• _DATA PROVIDED_
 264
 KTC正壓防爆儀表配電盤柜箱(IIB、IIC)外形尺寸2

---

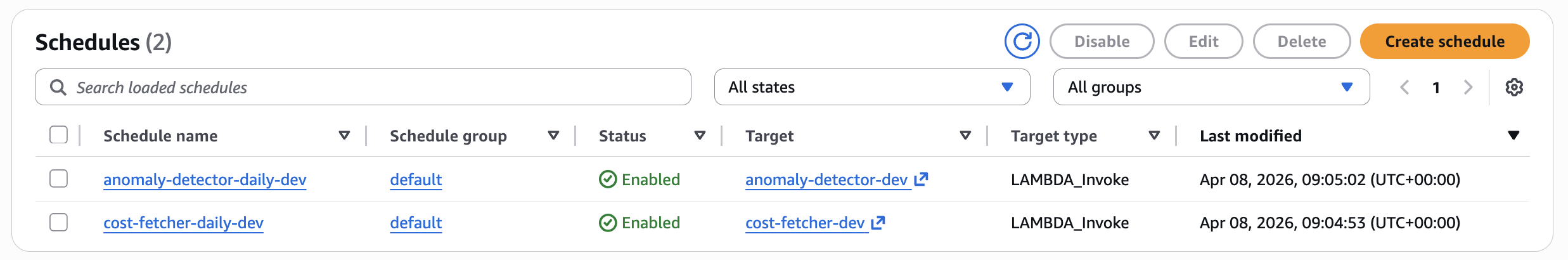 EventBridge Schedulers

==

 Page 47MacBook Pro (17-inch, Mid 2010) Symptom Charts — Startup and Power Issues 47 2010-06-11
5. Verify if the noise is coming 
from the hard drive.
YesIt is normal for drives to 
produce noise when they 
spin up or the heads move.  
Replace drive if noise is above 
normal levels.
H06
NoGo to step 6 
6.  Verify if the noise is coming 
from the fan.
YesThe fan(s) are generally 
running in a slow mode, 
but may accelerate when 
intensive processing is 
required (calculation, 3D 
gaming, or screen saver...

• _EXERCISE BRIEF_
From the listing, reproduce every line where the word "when" is present.

• _OUTPUT OF THE EXERCISE_
produce noise when they 
but may accelerate when 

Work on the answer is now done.